The way rustc works today, if I want to enable inlining of small_foo across the crates, I need to at least add #[inline] pub fn small_foo(). Question: do I need #[inline] pub fn small_bar() as well?
From my fuzzy recollections of various profiling session, I believe that the answer is generally "yes". Is the definitive answer documented somewhere?
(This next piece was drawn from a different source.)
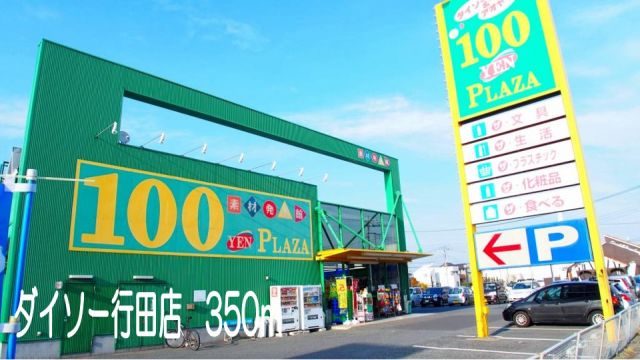 その他　ダイソー行田店（その他）まで350m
Are there any ready benchmarks I can run myself?
A quick test shows that for truly trivial cases (like a + b trivial), you get a full inline.
I was getting some strange output from cargo asm, though, so I don't know how much I trust it.
My guess from observations: one of two cases are true; in addition to the LLVM inlinehint, either
#[inline] gives you access to the MIR of the annotated function, but no more, meaning calls to unannotated functions are LLVM inlining barriers; you get MIR optimization but not LLVM; MIR inlining is working for some truly trivial cases; or
#[inline] gets you the full locally optimized version of the function, after LLVM inlining; this only considers locally known information in the subcrate; knowledge about the arguments cannot be used to drive further inlining through non-#[inline] calls, even if the knowledge would change inlining decisions.
I, of course, have no actual knowledge of what's going on, and this is just an educated guess that I had fun constructing.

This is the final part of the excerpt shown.